For once, Gemma and I were not on the Capital Canaries train trip, but travelled under our own steam (pun unintended). Gemma’s best pal Sofia, and her dad, Philip, are exiled supporters and have made the long journey to Manchester for the last few years so we joined up with them to travel from Euston.
We arrived at Manchester Piccadilly around 12.45pm, went to a cafe for some lunch and then walked the 30 minutes or so along the Manchester canal paths to the Etihad in the increasingly heavy rain. By the time we arrived everything was soaked and all I wanted was a warming coffee as opposed to a pre-match beer.
Around the Etihad there was a mini village of shops, drinking outlets and even a stage for a band. There was also a memorial garden where ashes could be scattered if a recently departed loved one has this as a last wish. All this, according to Philip, was the work of Garry Cook, the previous Manchester City chief executive. Despite the unfortunate way he left his post, Philip informed us that he had overseen a great deal of good work around the ground. I was certainly impressed with it all.
At around 2.15pm we took our seats in the stand and, whilst I watched the warm-up, Gemma read the programme. After finding a mistake in the NCFC edition last week (a bargain at a sports shop was now £17, having been reduced to £10!) she scoured the pages for errors and triumphantly pointed out that City had a new goalkeeper for the day, James Ruddy.
And to the game – which was as tough for City as we had all anticipated. All I can say about the first half is that the away supporters had an excellent view of proceedings, as almost all the play was in right in front of us.
Manchester City were an outstanding team, worked hard and passed it around well, had great movement off the ball – and so they should for £400m.

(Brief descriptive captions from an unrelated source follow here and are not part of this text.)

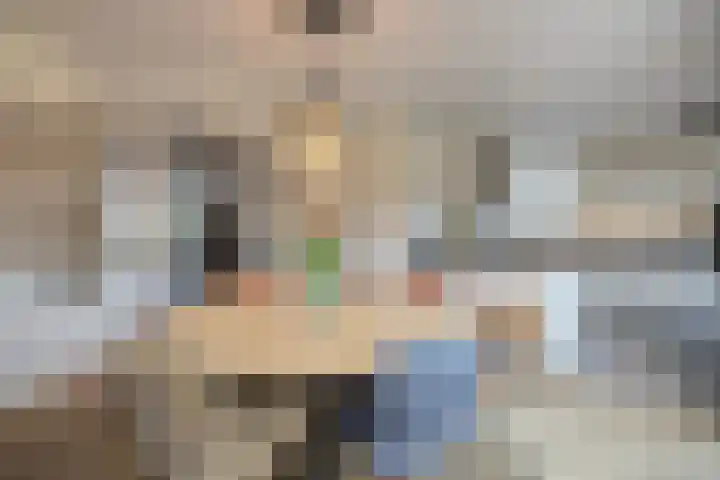 Streek 23 Etten-Leur thumbnail 19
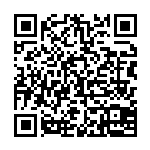 QR Code: http://wiki.daz3d.com/doku.php/public/read_me/index/35227/file_list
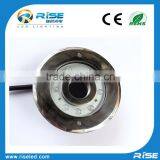 IP68 27W Waterproof Recessed Water Activated Fountain Light thumbnail-4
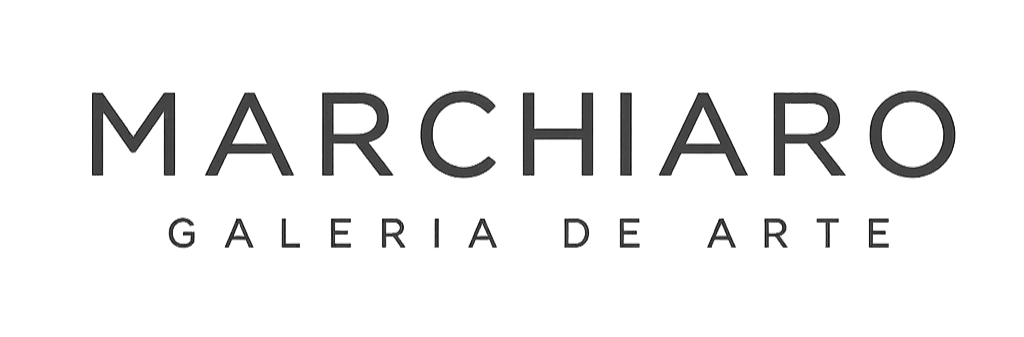 Marchiaro logo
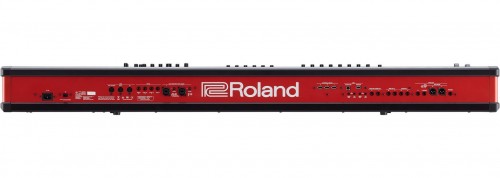 Roland Fantom 8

City battled hard, never stopped giving their all, but after half an hour the inevitable goal came, and Gemma and I were relieved we got into half-time only a goal down. I consoled myself with the thought that if Steve Morison had scored it could have all been so different, in a very half glass full sort of way.

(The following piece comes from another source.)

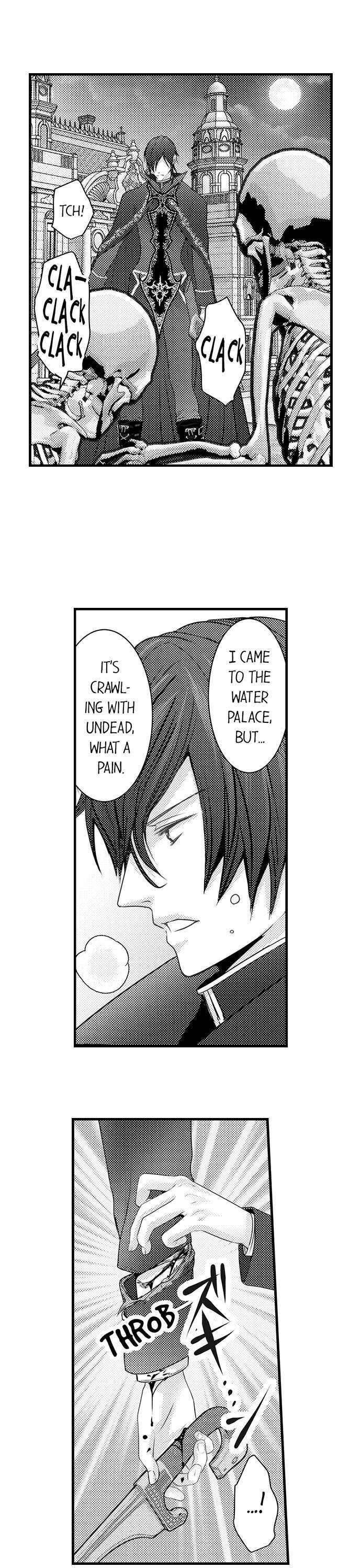 Page 6 of Chapter 29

At the start of the second half City had another early chance, didn’t take it and then chased the ball around for a few minutes.
Then disaster struck when an innocuous-looking free-kick from the inside left channel was not dealt with and it skipped past John Ruddy into the net. It was very similar to the goal that QPR nearly scored last week, just before half-time.

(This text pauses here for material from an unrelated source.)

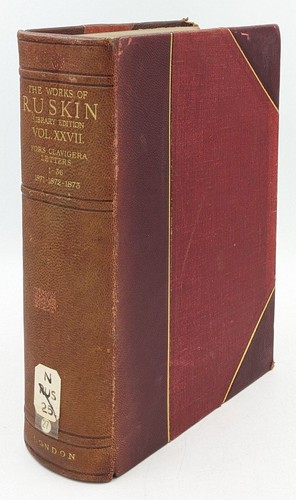 The complete works - of, john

Soon it was 3-0, and the remaining 20 minutes was now looking like a very long time.
Then from a corner Morison gave us hope with a neatly-taken header and all I started to think was, “If we could nick another one the last few minutes could be very interesting”.
Unfortunately, my wildly optimistic hopes proved to be just that as City conceded a pair of late goals, which only served to emphasise the huge difference between the Premier League “haves” and “have-nots”.
We’ll have our revenge in the home game.